[Material to process — start]

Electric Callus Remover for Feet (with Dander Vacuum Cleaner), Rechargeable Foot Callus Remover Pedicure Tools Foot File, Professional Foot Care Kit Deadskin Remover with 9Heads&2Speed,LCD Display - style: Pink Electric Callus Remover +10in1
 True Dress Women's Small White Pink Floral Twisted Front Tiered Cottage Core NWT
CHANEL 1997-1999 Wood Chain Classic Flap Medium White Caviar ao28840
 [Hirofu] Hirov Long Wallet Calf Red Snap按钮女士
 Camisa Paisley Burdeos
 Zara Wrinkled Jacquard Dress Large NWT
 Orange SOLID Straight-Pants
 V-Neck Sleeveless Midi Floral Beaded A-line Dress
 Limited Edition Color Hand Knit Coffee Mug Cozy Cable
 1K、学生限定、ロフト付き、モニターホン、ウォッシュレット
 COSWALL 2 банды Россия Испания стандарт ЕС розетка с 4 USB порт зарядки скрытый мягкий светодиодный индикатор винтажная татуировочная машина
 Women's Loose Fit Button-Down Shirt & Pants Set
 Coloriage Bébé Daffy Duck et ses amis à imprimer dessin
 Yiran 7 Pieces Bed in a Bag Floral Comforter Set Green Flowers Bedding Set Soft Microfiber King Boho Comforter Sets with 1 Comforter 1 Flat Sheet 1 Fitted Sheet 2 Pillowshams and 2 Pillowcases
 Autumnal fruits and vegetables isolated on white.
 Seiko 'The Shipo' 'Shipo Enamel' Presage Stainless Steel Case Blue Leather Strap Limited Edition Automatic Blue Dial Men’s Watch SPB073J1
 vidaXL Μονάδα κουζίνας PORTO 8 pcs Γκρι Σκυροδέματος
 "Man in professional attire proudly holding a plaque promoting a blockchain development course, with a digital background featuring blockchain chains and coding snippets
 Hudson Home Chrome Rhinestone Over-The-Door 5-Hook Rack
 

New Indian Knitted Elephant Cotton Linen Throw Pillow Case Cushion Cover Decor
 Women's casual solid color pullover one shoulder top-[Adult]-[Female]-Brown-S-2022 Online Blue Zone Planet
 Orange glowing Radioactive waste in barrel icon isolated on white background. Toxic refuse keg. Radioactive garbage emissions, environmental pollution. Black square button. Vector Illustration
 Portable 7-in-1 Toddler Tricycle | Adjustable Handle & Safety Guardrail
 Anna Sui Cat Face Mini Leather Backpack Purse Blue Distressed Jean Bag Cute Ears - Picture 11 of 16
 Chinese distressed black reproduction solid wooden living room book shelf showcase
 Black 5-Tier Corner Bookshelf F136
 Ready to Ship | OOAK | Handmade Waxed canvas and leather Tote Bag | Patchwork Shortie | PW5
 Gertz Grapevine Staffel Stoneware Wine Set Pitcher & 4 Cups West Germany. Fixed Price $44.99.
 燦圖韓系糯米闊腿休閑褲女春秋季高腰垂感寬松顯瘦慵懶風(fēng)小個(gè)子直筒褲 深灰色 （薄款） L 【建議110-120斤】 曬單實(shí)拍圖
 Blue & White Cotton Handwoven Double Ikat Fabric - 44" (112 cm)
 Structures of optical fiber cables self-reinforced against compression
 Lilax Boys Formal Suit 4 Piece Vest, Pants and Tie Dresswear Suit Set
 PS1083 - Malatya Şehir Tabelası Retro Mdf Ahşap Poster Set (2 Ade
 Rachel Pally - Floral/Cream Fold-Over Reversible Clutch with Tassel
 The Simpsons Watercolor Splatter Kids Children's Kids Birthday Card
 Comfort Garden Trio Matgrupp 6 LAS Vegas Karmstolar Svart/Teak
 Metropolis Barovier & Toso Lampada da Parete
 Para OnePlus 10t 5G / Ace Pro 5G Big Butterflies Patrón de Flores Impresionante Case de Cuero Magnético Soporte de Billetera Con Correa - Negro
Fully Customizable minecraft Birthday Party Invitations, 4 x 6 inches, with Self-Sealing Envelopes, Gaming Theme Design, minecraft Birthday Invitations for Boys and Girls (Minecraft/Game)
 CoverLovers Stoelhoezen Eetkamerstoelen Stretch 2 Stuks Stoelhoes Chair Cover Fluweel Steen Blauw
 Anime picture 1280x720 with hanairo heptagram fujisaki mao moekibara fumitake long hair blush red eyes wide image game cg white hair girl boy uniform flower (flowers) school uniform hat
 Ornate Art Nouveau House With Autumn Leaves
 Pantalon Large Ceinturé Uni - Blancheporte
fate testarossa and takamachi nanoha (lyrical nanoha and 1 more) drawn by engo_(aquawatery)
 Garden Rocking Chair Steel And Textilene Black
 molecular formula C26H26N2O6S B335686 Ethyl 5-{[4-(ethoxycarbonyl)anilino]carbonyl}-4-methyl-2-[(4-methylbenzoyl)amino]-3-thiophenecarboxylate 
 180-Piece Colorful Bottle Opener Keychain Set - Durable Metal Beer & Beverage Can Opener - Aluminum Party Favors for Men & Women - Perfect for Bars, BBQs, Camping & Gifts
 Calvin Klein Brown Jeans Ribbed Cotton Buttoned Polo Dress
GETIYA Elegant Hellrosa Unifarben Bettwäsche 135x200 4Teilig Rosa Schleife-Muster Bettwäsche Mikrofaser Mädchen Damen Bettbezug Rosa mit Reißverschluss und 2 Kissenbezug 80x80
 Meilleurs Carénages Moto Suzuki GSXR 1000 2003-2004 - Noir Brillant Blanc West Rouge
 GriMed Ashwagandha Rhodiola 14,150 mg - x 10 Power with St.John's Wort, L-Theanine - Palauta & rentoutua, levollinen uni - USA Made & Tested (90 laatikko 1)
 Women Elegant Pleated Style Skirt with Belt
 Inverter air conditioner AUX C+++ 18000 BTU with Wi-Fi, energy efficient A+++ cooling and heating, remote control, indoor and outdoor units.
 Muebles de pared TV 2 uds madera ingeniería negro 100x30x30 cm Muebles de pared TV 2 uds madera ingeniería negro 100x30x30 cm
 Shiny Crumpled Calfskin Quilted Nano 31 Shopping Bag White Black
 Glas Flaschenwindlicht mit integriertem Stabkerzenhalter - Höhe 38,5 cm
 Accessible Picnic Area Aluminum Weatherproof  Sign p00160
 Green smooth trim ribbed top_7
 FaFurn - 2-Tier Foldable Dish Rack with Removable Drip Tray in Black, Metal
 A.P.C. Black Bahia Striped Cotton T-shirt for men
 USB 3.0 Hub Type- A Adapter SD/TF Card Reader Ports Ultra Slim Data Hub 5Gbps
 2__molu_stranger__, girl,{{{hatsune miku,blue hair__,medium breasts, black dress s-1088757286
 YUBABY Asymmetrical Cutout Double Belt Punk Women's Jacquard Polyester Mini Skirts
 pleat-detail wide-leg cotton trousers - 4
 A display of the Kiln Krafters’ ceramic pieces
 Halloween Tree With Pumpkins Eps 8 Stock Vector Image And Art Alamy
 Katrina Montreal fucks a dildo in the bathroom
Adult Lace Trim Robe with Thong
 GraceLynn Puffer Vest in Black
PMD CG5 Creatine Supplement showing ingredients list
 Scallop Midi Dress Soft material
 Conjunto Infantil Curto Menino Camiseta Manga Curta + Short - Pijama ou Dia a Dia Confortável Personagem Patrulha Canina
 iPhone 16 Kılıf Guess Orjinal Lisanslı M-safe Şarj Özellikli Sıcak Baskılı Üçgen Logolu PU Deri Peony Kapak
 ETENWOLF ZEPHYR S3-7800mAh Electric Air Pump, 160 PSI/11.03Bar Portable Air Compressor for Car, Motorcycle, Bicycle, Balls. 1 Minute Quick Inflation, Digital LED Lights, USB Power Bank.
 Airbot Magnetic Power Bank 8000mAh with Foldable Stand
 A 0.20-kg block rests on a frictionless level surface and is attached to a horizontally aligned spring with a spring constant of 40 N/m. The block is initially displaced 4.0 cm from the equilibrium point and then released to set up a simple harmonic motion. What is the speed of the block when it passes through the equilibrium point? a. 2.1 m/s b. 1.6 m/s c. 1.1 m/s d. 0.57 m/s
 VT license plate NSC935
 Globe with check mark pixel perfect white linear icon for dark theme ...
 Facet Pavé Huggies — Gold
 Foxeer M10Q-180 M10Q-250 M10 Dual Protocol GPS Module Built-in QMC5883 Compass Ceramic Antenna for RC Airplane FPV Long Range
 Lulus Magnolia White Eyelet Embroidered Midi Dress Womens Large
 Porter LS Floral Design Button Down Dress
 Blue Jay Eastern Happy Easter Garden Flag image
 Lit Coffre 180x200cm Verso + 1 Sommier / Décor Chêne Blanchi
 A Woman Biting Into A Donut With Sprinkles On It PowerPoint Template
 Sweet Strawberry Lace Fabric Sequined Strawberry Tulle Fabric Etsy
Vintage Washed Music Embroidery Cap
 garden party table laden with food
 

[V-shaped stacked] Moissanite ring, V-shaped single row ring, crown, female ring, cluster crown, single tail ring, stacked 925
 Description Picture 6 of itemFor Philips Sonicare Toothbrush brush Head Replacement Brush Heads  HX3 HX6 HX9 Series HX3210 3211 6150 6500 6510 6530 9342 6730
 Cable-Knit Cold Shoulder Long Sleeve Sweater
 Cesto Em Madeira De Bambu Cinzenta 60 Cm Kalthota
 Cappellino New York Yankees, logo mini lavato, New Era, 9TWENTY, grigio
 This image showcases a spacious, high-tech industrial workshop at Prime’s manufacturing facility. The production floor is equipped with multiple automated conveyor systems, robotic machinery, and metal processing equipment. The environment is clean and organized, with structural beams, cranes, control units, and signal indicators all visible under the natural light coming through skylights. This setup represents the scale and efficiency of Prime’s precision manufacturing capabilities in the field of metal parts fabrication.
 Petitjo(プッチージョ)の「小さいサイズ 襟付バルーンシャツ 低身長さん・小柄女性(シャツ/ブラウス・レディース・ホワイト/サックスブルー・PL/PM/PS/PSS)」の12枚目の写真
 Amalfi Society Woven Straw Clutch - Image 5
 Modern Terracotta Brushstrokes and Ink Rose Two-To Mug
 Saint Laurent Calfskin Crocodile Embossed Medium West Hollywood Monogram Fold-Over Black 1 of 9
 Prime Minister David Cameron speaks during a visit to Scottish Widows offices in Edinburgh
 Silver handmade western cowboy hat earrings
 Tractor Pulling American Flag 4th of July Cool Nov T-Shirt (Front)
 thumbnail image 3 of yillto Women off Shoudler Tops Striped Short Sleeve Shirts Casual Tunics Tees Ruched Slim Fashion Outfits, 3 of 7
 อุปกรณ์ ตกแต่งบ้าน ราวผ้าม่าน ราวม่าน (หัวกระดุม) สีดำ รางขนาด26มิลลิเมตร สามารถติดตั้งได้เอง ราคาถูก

[Material to process — finish]

:: Instructions for the task ::
What you return should be exactly the lines above, starting at the one with "Accessible Picnic Area" and ending at the one with "black dress s-1088757286", and nothing else.

:: Task answer ::
 Accessible Picnic Area Aluminum Weatherproof  Sign p00160
 Green smooth trim ribbed top_7
 FaFurn - 2-Tier Foldable Dish Rack with Removable Drip Tray in Black, Metal
 A.P.C. Black Bahia Striped Cotton T-shirt for men
 USB 3.0 Hub Type- A Adapter SD/TF Card Reader Ports Ultra Slim Data Hub 5Gbps
 2__molu_stranger__, girl,{{{hatsune miku,blue hair__,medium breasts, black dress s-1088757286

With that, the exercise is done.